A fashion entrepreneur is a person who has possession of a fashion enterprise, venture or idea, and assumes significant accountability for the inherent risks and outcome.

Definition
Originating from the phrase entrepreneur, a fashion entrepreneur is someone whose primary activities work within the fashion industry.
For example, a fashion designer who uses entrepreneurial principles to organize, create, and manage ventures within related and connected areas of the fashion industry. Fashion ventures include guide books for fashion designers

Current Practice 

Fashion entrepreneurs focus on creating networks within the fashion industry and inter-connected projects with varying aims including education, profitability, and profile-building. Some fashion entrepreneurs work to provide a network of knowledge share platforms, other work to address social and structural issues goals.
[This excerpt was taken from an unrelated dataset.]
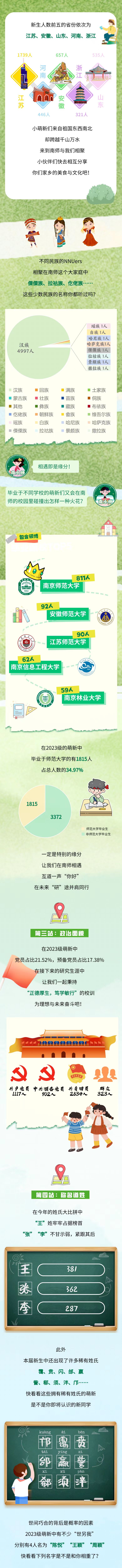 研粒考研南京师范大学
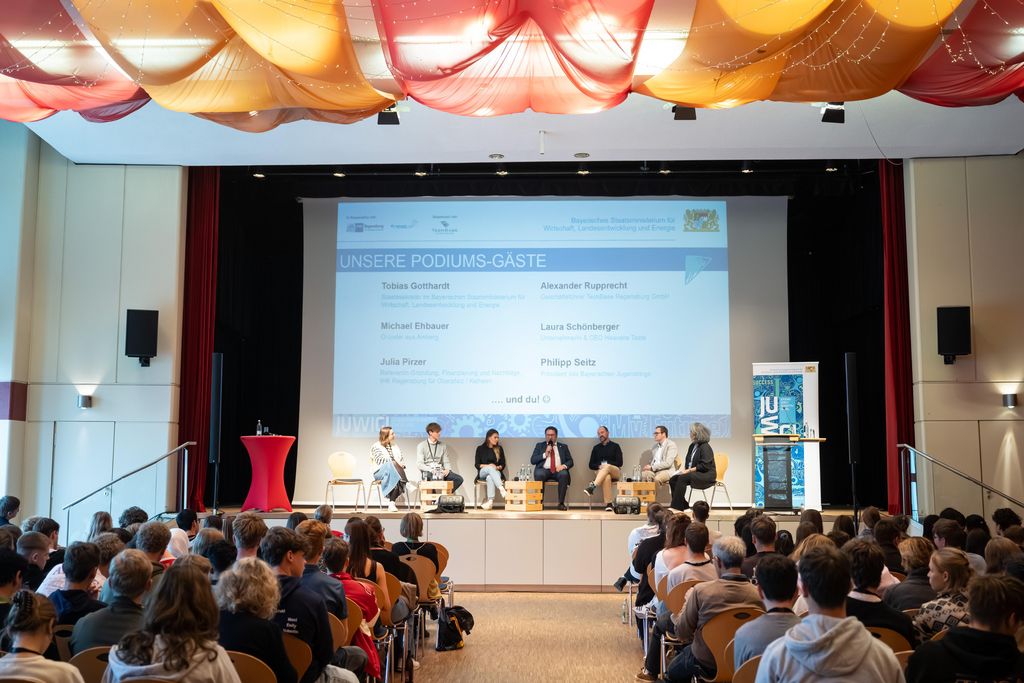 Impressionen des Jugendwirtschaftsgipfels 2025.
Core business practices for fashion entrepreneurs focus on topics such as creativity and innovation, writing  business plans, raising finance, sales and marketing, and the small business management skills needed to run a creative company. Fashion entrepreneurs seek to deliver fashion business expertise in retail, manufacturing, money and marketing.  The 21st century has seen the proliferation of organizations and award ceremonies promoting, inspiring and challenging online entrepreneurship by highlighting the enterprising attributes, creativity, innovation and the success of today's entrepreneurs.